Glenelg is the latest suburb hit with a ban on bore water, which is likely to remain in place for a century, and it won’t be the last, because Adelaide is littered with contaminated sites.

Groundwater contamination in SA

Glenelg is the latest suburb hit with a ban on bore water, which is likely to remain in place for a century – and it won’t be the last.

Adelaide is littered with contaminated sites, a legacy of past industrial use. Discarded chemicals have seeped into the soil and leeched into groundwater.

The groundwater in shallow aquifers beneath Glenelg East and Glenelg is so contaminated that it must not be used for any purpose.

Anyone caught using bore water in these areas risks a fine of up to $8000. They also put their health at risk.

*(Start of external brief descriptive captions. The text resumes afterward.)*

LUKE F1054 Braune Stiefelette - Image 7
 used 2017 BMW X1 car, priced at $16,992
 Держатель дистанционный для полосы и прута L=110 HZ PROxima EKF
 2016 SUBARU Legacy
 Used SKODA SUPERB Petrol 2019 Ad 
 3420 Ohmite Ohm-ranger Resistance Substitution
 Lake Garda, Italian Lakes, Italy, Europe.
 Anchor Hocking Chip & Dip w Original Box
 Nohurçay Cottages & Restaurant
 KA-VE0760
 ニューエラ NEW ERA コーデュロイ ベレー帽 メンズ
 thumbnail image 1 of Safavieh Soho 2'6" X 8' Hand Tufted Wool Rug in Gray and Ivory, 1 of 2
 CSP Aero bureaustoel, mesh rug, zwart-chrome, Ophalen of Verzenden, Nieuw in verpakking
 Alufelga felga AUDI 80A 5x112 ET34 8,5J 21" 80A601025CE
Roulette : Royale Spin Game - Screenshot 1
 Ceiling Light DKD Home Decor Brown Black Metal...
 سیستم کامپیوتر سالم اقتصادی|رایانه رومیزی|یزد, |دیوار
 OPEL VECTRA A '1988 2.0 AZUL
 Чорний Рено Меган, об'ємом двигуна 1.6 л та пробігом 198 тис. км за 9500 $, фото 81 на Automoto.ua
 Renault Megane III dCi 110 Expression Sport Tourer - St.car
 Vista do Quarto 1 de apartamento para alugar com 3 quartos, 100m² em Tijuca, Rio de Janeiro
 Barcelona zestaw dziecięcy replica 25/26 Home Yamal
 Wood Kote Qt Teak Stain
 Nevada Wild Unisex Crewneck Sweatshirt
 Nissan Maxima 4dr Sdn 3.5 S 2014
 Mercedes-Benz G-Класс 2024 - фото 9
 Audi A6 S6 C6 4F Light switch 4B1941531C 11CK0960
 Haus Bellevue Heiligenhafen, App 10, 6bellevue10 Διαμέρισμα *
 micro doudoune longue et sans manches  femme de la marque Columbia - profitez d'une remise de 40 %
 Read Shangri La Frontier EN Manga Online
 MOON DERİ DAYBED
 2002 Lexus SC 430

Neighbouring suburbs of Glenelg South and Glengowrie have been included in the ban, to help avoid spreading the contamination further.

The Groundwater Prohibition Area comes into effect on Thursday, but the Environment Protection Authority told residents to stop using bore water months ago.

EPA regulation director Peter Dolan says residents may also be exposed to health risks from vapour entering buildings through cracks in floorboards or concrete slabs.

“Basements may have an elevated risk from vapour because they are closer to the groundwater, so we are encouraging anyone with underground rooms to get in touch with the EPA,” he said.

Historical use of chemicals at a former dry cleaning business on Cliff St, Glenelg East has contaminated groundwater with the industrial solvents perchloroethene (PCE) and trichloroethene (TCE).

Other chemicals include petroleum hydrocarbons from degraded underground storage tanks at a service station, and heavy metals and cyanide from a former blacksmith’s forge.

These compounds can cause health problems if people are exposed to high enough concentrations over long periods of time.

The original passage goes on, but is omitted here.